Too many times, especially since The Reformation, Christianity has become filled with either-or propostions. There are choices between faith or works, Bible or tradition, intellect or emotions, charismatic or fundamentalist. Modern American culture plays into that divisiveness with its own set of either-or choices.
But Nathan and Kim offer a different way of thinking. Instead of an “either-or” approach, they propose that the natural tensions inherent in Christian orthodoxy imply a “both-and” approach. Covering one topic per chapter, they discuss their identity as both evangelical and charismatic, desiring a community that is both united and diverse, showing concern for both justice and mercy, methods that involve both proclamation and demonstration, an ethic that is both social and personal, expectations that relate to both the now and the not yet, and a callings that is both relevant and orthodox.
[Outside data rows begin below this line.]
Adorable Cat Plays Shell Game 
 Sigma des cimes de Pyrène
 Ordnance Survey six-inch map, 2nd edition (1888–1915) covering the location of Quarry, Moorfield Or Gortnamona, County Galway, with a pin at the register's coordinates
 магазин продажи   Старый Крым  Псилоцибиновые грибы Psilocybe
Nathan brings his own “both-and” to the writing of the book. He is both an intellectually gifted thinker and writer, but also brings the practicality of being a senior pastor of a large church. Many of the examples in the book come from the church these men are pastors at, Vineyard Columbus.
The book strikes an unusual balance, offering a mix of practice and belief that will make many uncomfortable. There are times when the book will sound too liberal for conservatives, and times when it sounds too conservative for liberals. But that is an “either-or” dichotomy, and as this book makes clear, the Biblical path to maturity is something different.
Source: church bookstore.
Disclosure: I attend the church were these two men serve.